Le simple fait qu'il soit là, sembla réduire la capacité du salon de moitié. Son aura envahi l'espace comme un orage en plein été, me coupant presque le souffle.
— Charles c'est un...
— Je sais très bien ce qu'il est ! l'interrompit-il de nouveau. Mais, si comme tu le dis, il est digne de confiance...je dois pouvoir lui confier mes plus vils secrets sans risque, n'est-ce-pas ? ajouta Charles en s'approchant de Worth, une lueur rusée dans le regard.
— Pas si ce sont des meurtres de sang-froid, répondit l'inspecteur, d'une voix claire et assurée tandis qu'il soutenait le regard de Charles sans faillir.

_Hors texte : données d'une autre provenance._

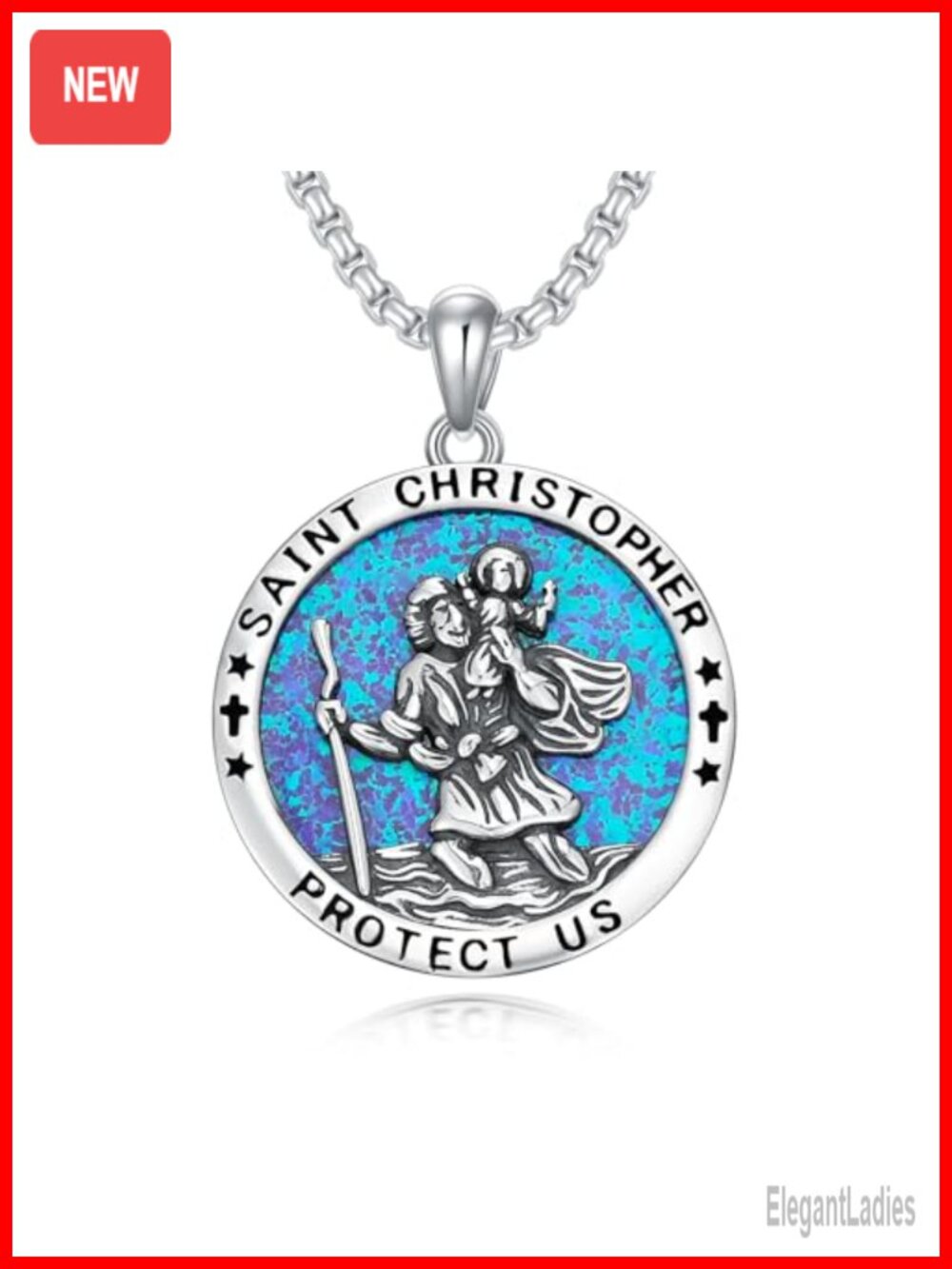925 Sterling Silver Multi-Saint Catholic Medal Pendant Necklace with Blue Opal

Je vis un sourire de triomphe s'épanouir sur le visage du métamorphe à l'entente de ces mots courageux...mais stupides ! Non mais qu'est-ce-qui avait pris à Worth ? Il était censé être intelligent, gémis-je intérieurement mais ne pouvant qu'attendre anxieusement la suite des évènements. Féline sentant mon inquiétude, vint frotter sa douce tête contre moi, en ronronnant doucement pour m'apaiser.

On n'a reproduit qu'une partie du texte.